C'est un très grand plaisir pour moi d'être parmi vous aujourd'hui pour inaugurer ces deux expositions, et célébrer les soixante ans du Festival d'Avignon. Vous en avez brillamment dépeint les origines, Madame la Maire, et le chemin parcouru depuis cette journée de décembre 1946, où Jean Vilar faillit refuser le défi un peu fou de son ami Christian Zervos, de monter un spectacle dans la Cour d'honneur du Palais des Papes. « Lieu informe », « lieu théâtral impossible », répondit-il, avant d'y voir finalement le lieu idéal pour accueillir son projet d'offrir la culture des élites à tous les publics.
Dans cette maison qui porte son nom, sont présentées aujourd'hui les figures amies de tous ceux qui ont contribué à faire de sa Semaine d'art dramatique le Festival au rayonnement international que nous connaissons. Soixante compagnons de route photographiés par les plus grands, depuis les fondateurs, Yvonne Zervos, René Char, et le docteur Pons, jusqu'à tous ceux qui font vivre Avignon aujourd'hui, régisseurs, costumières, agents d'accueil, chauffeurs de bus et de taxis. Sans oublier les peintres illustres, découverts par le couple Zervos, Picasso, Giacometti, Chagall, Braque, Mondrian, Miro, pour ne citer qu'eux.
C'est une exposition magnifique, très émouvante, qui témoigne de la très belle aventure artistique mais surtout humaine que fut, et que continue à être ce Festival.
Il ne manquait que les spectateurs. Frédéric Fisbach les fait entrer sur scène dans la seconde exposition, « Dedans-dehors ».
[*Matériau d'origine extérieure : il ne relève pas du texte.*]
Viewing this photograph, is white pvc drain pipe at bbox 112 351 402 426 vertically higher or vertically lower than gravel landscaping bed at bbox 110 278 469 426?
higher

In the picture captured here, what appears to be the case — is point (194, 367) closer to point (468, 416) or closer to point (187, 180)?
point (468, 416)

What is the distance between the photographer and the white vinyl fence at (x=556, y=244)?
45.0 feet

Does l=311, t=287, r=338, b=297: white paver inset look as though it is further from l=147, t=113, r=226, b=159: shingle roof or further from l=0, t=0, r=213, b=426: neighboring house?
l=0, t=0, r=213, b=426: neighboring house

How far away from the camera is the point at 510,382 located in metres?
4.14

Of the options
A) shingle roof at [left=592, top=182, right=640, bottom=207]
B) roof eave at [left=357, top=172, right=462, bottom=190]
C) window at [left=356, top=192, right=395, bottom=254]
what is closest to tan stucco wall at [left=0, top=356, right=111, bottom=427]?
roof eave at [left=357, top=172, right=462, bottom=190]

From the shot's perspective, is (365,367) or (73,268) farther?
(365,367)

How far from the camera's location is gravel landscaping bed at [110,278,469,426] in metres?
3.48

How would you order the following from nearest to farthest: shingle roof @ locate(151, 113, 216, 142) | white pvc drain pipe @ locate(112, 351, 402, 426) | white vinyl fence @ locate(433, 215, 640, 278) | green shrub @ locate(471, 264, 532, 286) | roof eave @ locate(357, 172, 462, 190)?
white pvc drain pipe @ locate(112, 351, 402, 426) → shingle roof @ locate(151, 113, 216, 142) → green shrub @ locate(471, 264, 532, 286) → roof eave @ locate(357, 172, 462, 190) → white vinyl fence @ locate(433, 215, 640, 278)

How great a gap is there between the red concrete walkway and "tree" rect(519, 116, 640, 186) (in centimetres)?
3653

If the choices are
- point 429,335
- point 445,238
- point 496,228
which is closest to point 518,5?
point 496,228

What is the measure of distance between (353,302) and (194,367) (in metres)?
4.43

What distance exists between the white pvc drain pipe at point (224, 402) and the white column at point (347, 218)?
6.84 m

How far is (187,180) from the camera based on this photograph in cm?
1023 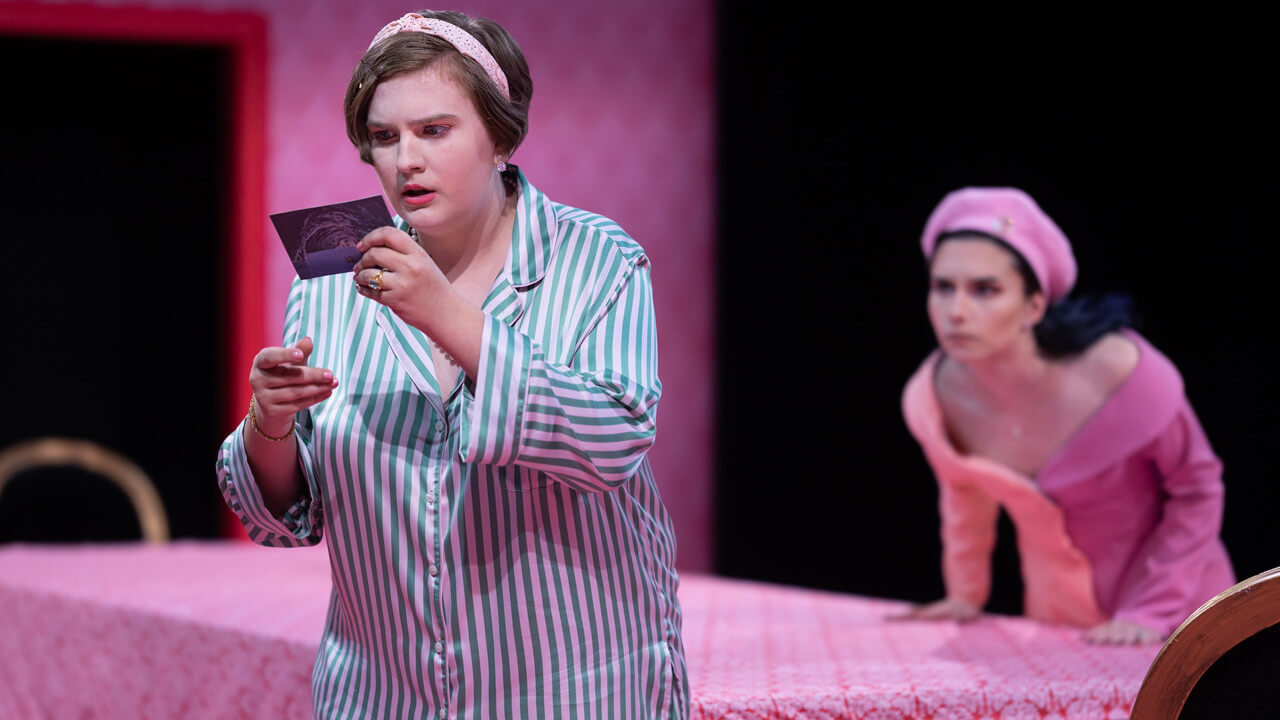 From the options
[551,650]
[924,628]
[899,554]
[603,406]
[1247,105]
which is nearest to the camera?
[603,406]

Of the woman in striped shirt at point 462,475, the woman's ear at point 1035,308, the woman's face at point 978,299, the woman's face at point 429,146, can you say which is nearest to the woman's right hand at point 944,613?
the woman's face at point 978,299

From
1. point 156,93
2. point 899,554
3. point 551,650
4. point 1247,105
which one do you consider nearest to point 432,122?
point 551,650

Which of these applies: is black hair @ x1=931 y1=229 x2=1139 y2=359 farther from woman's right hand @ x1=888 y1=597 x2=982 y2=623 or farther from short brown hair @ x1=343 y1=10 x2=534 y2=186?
short brown hair @ x1=343 y1=10 x2=534 y2=186

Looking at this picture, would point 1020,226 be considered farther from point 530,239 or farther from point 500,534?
point 500,534

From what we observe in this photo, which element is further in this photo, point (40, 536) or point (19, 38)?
point (19, 38)

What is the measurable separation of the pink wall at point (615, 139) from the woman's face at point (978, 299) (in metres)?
2.65

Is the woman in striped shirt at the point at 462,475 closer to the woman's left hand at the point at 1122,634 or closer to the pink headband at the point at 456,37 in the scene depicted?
the pink headband at the point at 456,37

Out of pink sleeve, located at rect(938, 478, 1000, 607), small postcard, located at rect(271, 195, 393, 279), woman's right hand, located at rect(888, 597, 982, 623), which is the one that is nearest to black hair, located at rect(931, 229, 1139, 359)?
pink sleeve, located at rect(938, 478, 1000, 607)

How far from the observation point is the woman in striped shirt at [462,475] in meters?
1.22

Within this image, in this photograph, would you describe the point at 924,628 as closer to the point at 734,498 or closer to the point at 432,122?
the point at 432,122

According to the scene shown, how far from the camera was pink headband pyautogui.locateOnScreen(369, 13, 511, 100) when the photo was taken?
4.13 feet

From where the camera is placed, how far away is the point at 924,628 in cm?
238

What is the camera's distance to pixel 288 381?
3.90ft

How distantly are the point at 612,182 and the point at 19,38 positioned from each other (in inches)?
98.7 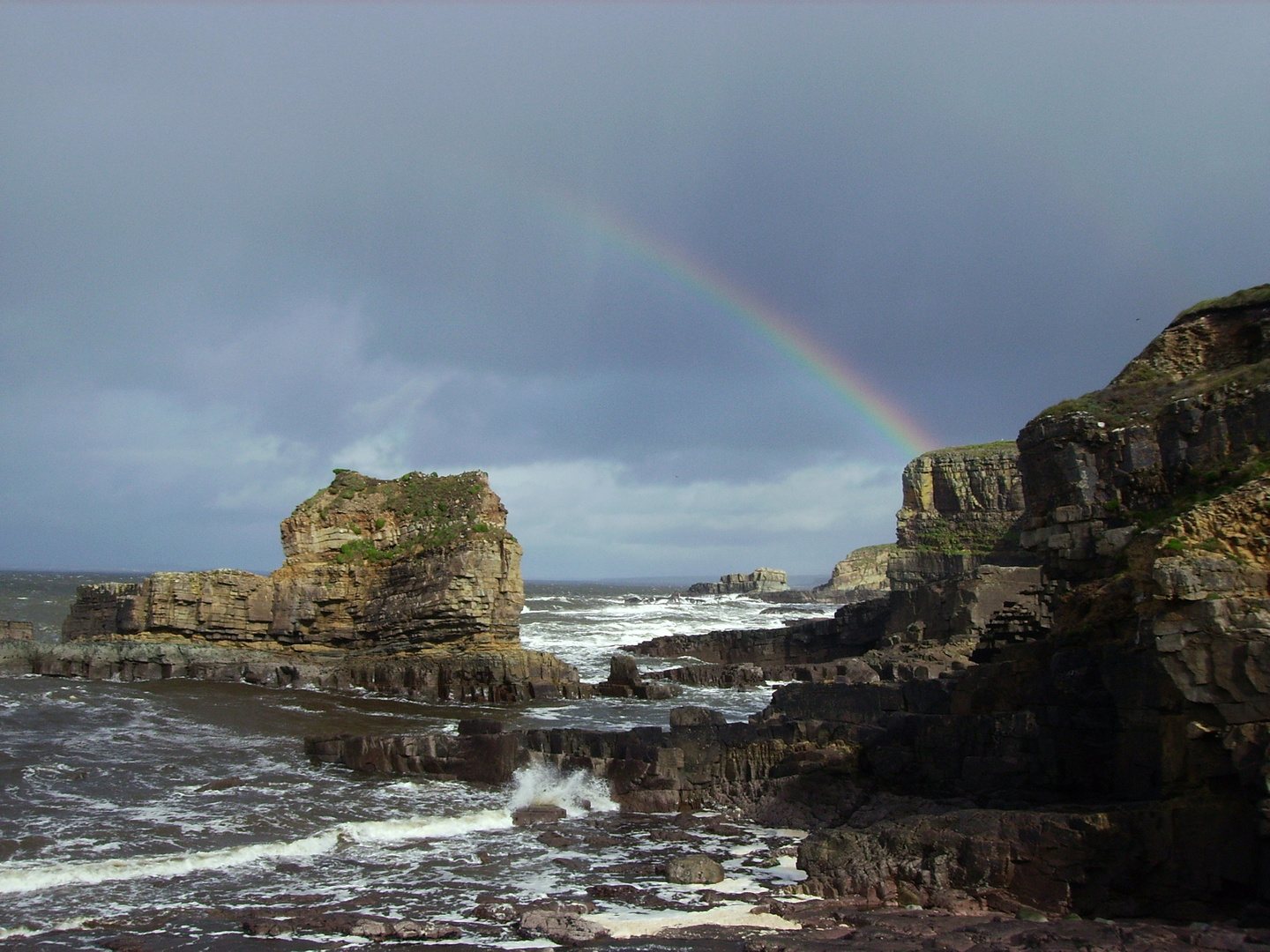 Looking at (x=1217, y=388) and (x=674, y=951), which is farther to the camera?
(x=1217, y=388)

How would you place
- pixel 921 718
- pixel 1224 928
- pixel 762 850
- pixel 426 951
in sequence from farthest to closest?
pixel 921 718
pixel 762 850
pixel 426 951
pixel 1224 928

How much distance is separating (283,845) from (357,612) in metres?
23.5

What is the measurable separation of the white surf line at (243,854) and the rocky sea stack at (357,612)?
15.6 metres

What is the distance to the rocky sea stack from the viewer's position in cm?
3128

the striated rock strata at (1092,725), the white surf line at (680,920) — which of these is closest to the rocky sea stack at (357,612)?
the striated rock strata at (1092,725)

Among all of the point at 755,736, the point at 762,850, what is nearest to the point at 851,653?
the point at 755,736

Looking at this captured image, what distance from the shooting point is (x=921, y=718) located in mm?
15328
« Pour nous, organisateurs et artistes du Festival, disait Jean Vilar, le monstre sacré n'est pas la scène, il est de l'autre côté des lumières qui nous aveuglent, il est du côté du public », ce public si respecté, toujours placé par Vilar au centre de son projet. Apprivoiser ce monstre sacré. Rencontrer les êtres par-delà les lumières éblouissantes, dans la situation singulière qu'ils vivent. Faire en sorte que spectateurs et acteurs respirent d'un même souffle et trouvent une complémentarité, jamais la même. Tel était le défi que releva Jean Vilar à Avignon et au TNP.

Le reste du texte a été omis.